§ Data section

=== Begin Enclosure ===

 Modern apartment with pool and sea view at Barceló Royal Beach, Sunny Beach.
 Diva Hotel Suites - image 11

=== End Enclosure ===
=== Begin Enclosure ===

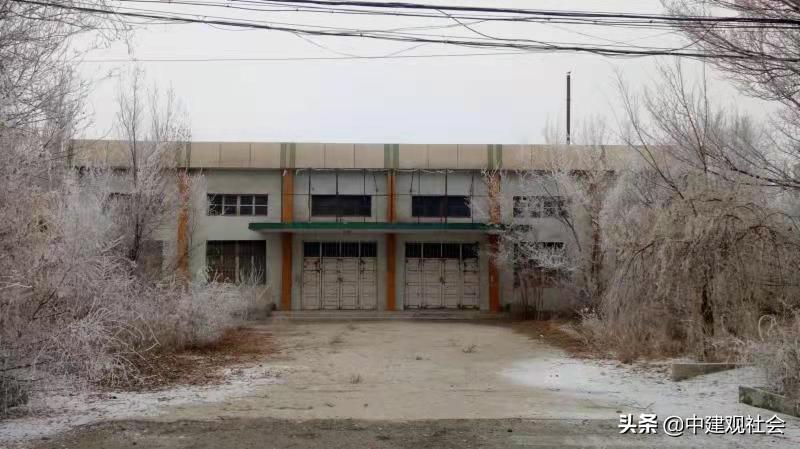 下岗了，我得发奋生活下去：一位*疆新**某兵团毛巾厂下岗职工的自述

=== End Enclosure ===
=== Begin Enclosure ===

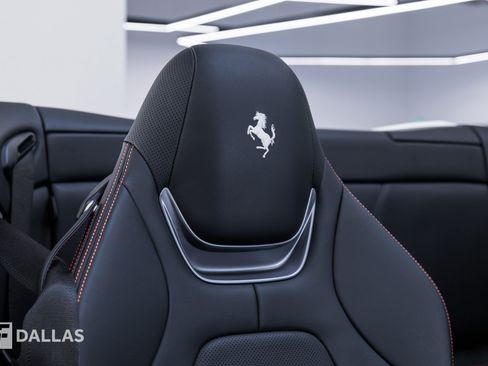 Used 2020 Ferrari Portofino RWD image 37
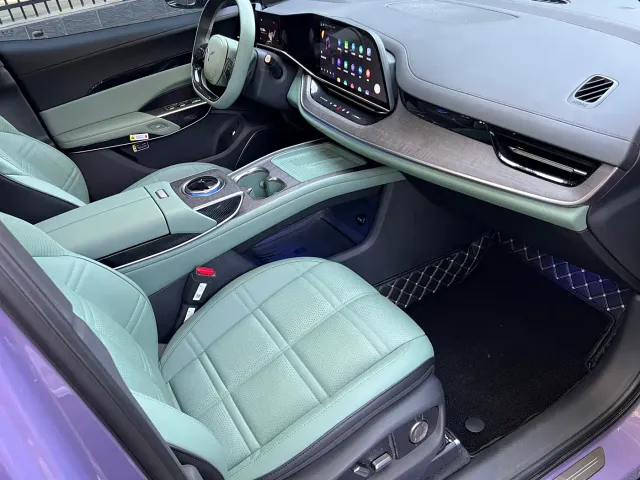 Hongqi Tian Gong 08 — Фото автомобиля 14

=== End Enclosure ===

§ Exercise
Every line above from the one with "Used 2020 Ferrari Portofino RWD image 37" down to the one with "Hongqi Tian Gong 08 — Фото автомобиля 14" must be written out exactly, and no picture may appear.

§ Exercise output
 Used 2020 Ferrari Portofino RWD image 37
 Hongqi Tian Gong 08 — Фото автомобиля 14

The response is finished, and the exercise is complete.